Saturday, November 23, 2013

"Ride My See-Saw" (1968)




My parents entertained a lot when I was growing up. Families would arrive at the house, and the kids would be sent to the basement while the adults ran amok above. Occasionally one of us would venture upstairs, then return with a report. We were not impressed.

As we grew into our teens, the situation reversed.

Among the occasional visitors we received was a father who worked in broadcasting. I can still recall his entrance into the cigarette haze of our shaggy, wood-panelled rec room, waving his hand in front of his face, as if to say, Too smokey! even though he was known for his three-pack-a-day habit.

"What the hell are you listening to!" he demanded.

"Stones," said his daughter, not looking up.

"The Rolling Fucking Stones! I met those cocksuckers when they were here in '65. They're midgets, you know. Same with the Beatles. None of them are over five-foot-eight, ninety-seven pounds."

And he went on like this, calling down these bands as if their worth is based not on what can be imagined, but on their height and weight.

Because we knew everything about the musicians who serenaded us during our teenage years, we knew not only the years they were born, but also the days.

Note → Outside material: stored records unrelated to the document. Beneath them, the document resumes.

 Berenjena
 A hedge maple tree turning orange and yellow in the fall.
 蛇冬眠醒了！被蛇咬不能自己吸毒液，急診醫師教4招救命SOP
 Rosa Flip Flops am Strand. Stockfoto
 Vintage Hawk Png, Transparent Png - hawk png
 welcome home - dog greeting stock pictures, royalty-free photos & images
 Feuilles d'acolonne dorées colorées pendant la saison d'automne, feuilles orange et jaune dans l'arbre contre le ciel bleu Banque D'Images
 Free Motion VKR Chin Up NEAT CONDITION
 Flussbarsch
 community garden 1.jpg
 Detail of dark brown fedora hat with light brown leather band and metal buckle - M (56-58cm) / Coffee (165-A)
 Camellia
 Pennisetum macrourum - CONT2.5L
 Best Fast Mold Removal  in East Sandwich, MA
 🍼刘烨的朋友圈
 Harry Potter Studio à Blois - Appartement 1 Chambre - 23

Something that occurred to me years later is that most of the British musicians we listened to were born during the Second World War (1939-1945), conceived under stress and weened on mother's milk derived from bad diets.

Of course something similar could be said of the man who descended on us that day, who often boasted that whatever success he achieved in life was based on what he learned growing up (rich) during the Great Depression -- an economic situation that not only preceded the Second World War, but in many ways brought it into being.